When getting a haircut whoever cuts my hair always stuffs the mirror in my face when they're done. Yeah, I know they're not intending to remind me of my subhumanity, but that alone is enough to ruin my day.

I hate looking at my dumb ugly ultra long horse midface, nose that big even after multiple rhinos, facial scars, horrible lack of facial harmony, etc.

Even though my face is by far my biggest problem, I'm also ugly from the neck down. I have really noticeably asymmetrical hips and shoulders (sprengel's deformity). And I know others notice because people bring it up. I've gotten questions like "why do you sit with your shoulders like that?" like it's a choice. I was fit and ripped when I was 18-19, and it was just as noticeable, if not even more so. Also when I had a 6 pack, my abs were lopsided.

I avoid looking down in the shower and while peeing to avoid seeing my ugly, deformed, headless cock (botched circumcision). Nobody else sees it but it's just one more reminder of my turbo subhumanity.

Same goes for the scars on my body from the neck down, they're covered by clothing but I know they're there and I hate being reminded of them.

Of course I wouldn't care about my flaws from the neck down that much if I wasn't sub4 facially, but being blackpilled and truecel makes you hyperaware of EVERY flaw you have. While being blackpilled does have it's advantages (like knowing the answer and not going around chasing your own tail) it also makes you self-conscious. You'd think by my age I would have long since become accustomed to my subhumanity and completely desensitized to it, but the constant reminders STILL fuck up my day. Sometimes I do envy blissful ignorance.

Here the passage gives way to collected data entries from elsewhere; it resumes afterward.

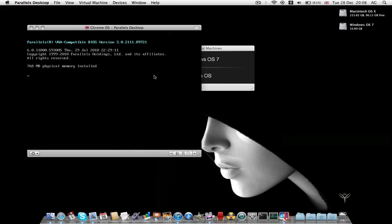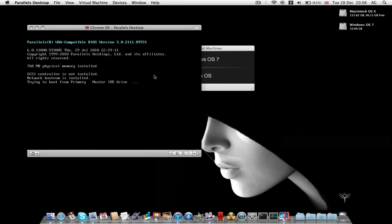If you're hearing this, I must have made it through.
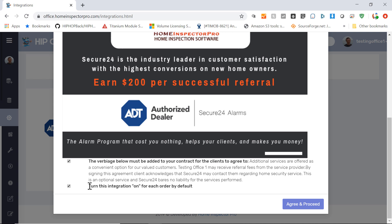And then the second checkbox is whether you want this integration to be turned on by default or not. Whether it's set on or off by default, you can always change that setting on a case-by-case basis when you're creating the order. So I'm going to go ahead and click on agree and proceed.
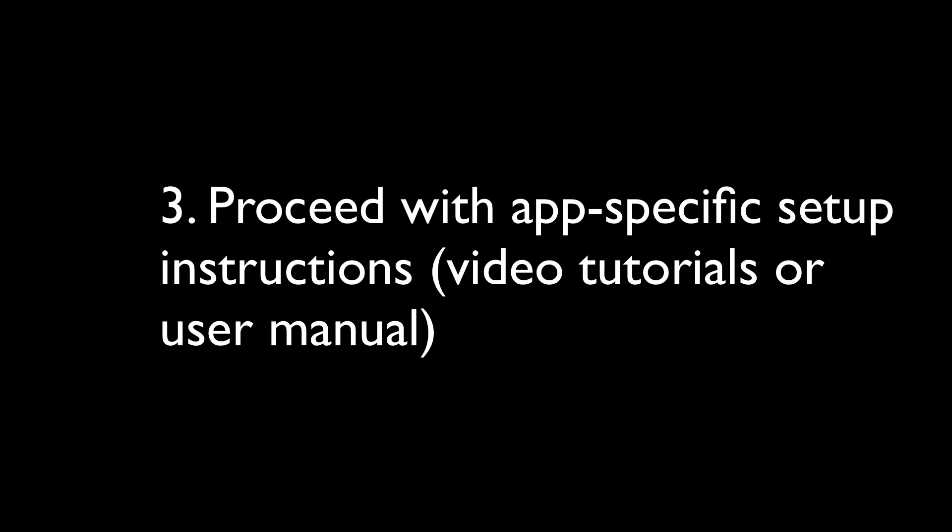Proceed with app-specific setup instructions for your DAW. For more information, watch the dedicated video tutorials or read MetaGrid user manual.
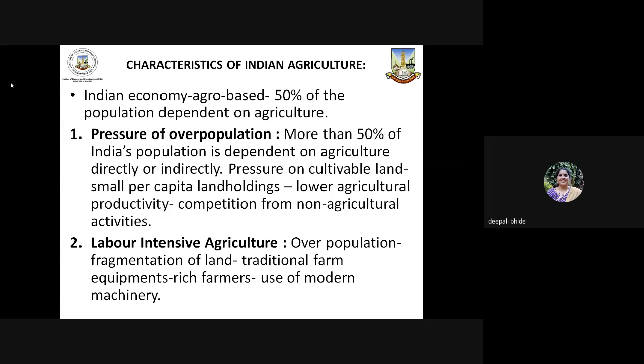When we look at the Indian economy, we know that it is an agro-based economy, even today with more than 50% of the population being dependent on agriculture. When we look at the features of Indian agriculture, there is pressure of population — more than 50% of Indian population is dependent on agriculture directly or indirectly, and therefore there is pressure on cultivable land. The per capita land holdings are small, which has an impact on agricultural productivity, which is low.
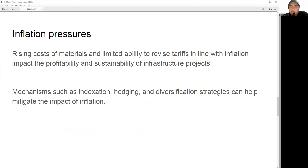Last but not least is inflation pressure, especially after COVID-19. Inflation plays a significant role in infrastructure projects. Rising costs of materials, labor, and equipment increase input costs, while limited ability to revise tariffs and fees can affect revenue generation. Future demand and political constraints further impact the profitability and sustainability of projects.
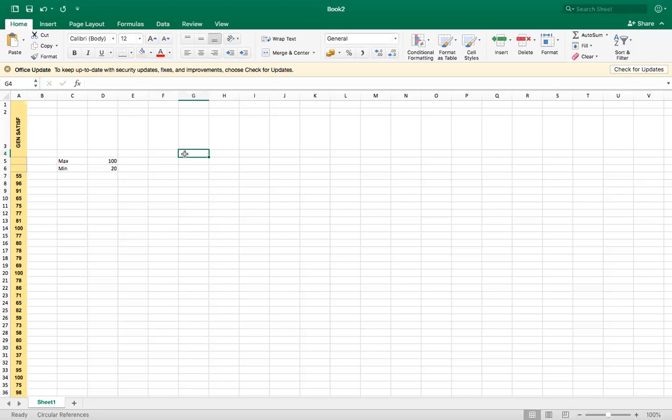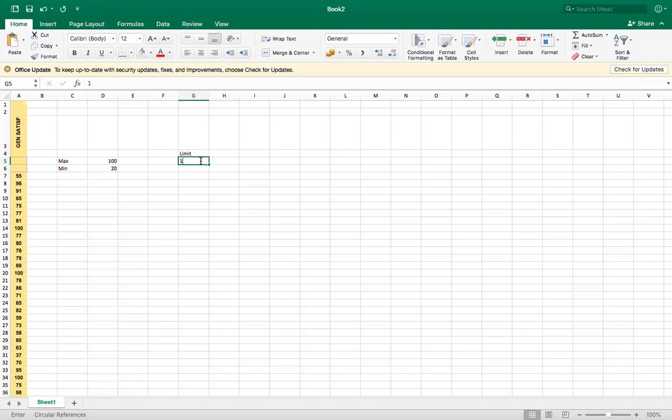So now let's put the limits. Since the minimum value is 20, I will set the limiters.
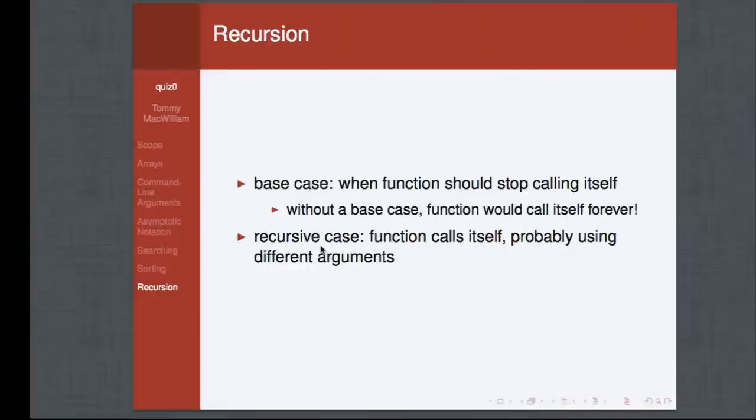Recursion is when a function repeatedly calls itself. At some point there must be a base case — a condition where instead of calling the function again, we return a value. Without a base case, the function would call itself forever and the program would never terminate. Once we return a value from the base case, we stop the recursive calls.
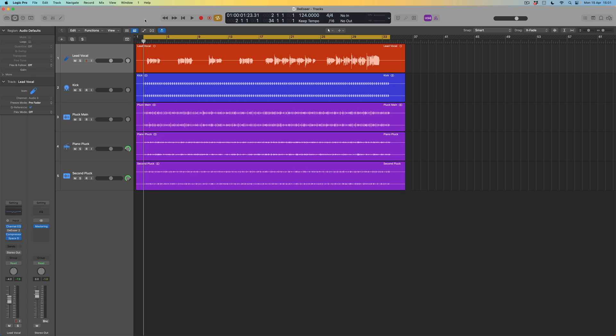Before we get into all of that, I'm going to play you this vocal, which at the moment has got some EQ on it, a little bit of compression, and a Space Designer reverb providing a bit of plate reverb. Here is how the vocal sounds at the moment.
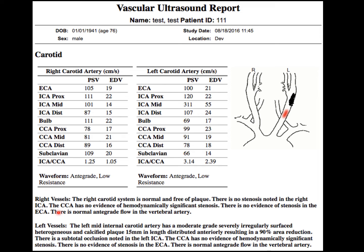The report must be clear and well written so everybody can understand. For the right vessels: the right carotid system is normal and free of plaque; there is no stenosis noted in the right ICA; the CCA has no evidence of hemodynamically significant stenosis; there is no evidence of stenosis in the ECA; and there is normal antegrade flow in the vertebral artery.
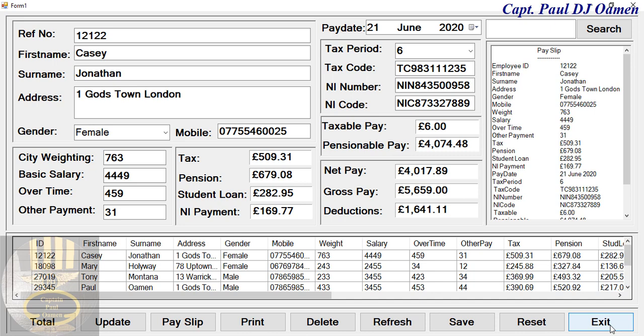Hi and welcome to the Employee Payroll Management System developed using MySQL database in Visual Basic .NET. This is just an overview and I'm going to explain how the whole process works.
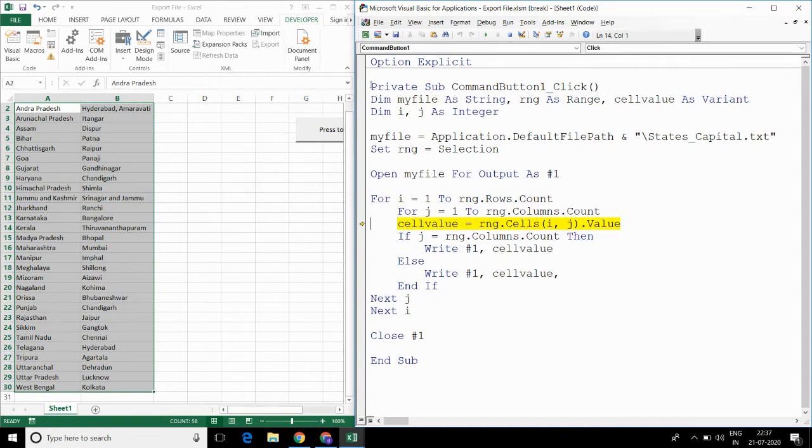I am entering the data from Excel to text file cell by cell.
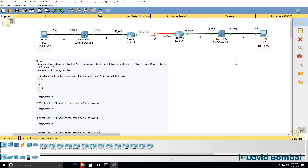This is one of multiple Packet Tracer quiz questions. These quizzes are practical and use Packet Tracer to help you practically verify your knowledge of CCNA topics.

My only hope is fully immersive VR. Hope that technology will advance to the point where I can escape my subhumanity completely is legit the only reason I haven't killed myself already because the life I'm currently living, isn't worth living.
 
TFW you look at the mirror, and your whole day is ruined :feels:
 
Can't relate.
I'm an ugly mfker, but it is what it is.
When I look in the mirror, even though I'm not handsome, I see a nice, smart, cool guy and that's enough for me to not get frustrated.
What really bothers me though are photos. Photos are horrible because they're always ruined by my ugliness.
 
Kek idc if I’m ugly I just look anyway
 
My face in frontal camera is nightmare inducing for someone who regularly watches gore be it irl or games.
That's a good analogy with the gore thing. Seeing my face induces the same reaction as a jump scare, shock image, or gore. No wonder I get looks of shock and disgust.
 
I avoid wearing glasses because then I would be forced to look at my face everywhere ( at home, at work, in the streets etc ). Seeing my subhuman face that is mix of ugly + retarded looks and very bad skin will be instant suifuel.
 
I'm short, without any facial hair I look like I have no chin, my teeth are fucked up, and now living on the streets I go entire weeks without showering. It's over. :feelsjuice::blackpill:
 
I can't relate entirely, since I look in the mirror when I shave to make sure I don't miss a spot when I'm putting on the cream.
 
Kek idc if I’m ugly I just look anyway
Same. I just don't mind anymore because I learned to accept me for who I am.
If foids and normies see me as ugly and reject me, then I'm going to be the person who does the opposite.
I know it kinda sounds like cope but it isn't since I know I'm objectively ugly and unattractive.
It's really just a state of mind that helps me get through life, nothing more.
 
That's a good analogy with the gore thing. Seeing my face induces the same reaction as a jump scare, shock image, or gore. No wonder I get looks of shock and disgust.
Damn that sucks its the same thing when I shower, I'm 5"9 and 220lbs so I have stretchy marks all over my arms, chest and stomach. Since am a shitskin the lines are extremely obvious and it reminds me of just how much of a fat fuck I really am.
 
Same especially in public spaces, I can’t stand it to glance for a second when I see myself in a reflection.
 
Cut your hair yourself also assuming you aren't receding you can grow your hair and hide your face partially , worked for me
 
Mogs me for being ripped at 18-19
 
I especially hate when I turn my phone screen off and see my face staring back at me. :dafuckfeels:
 
Not only do I avoid looking at myself, I avoid thinking about myself or life cuz I have panic attacks
 
most times yea
 
I like my face. What i don't like is the guy that poses as me in photos. Other than that i'm fine, it is what it is and that's "me". If women don't like me they can go fuck chad, which they already do.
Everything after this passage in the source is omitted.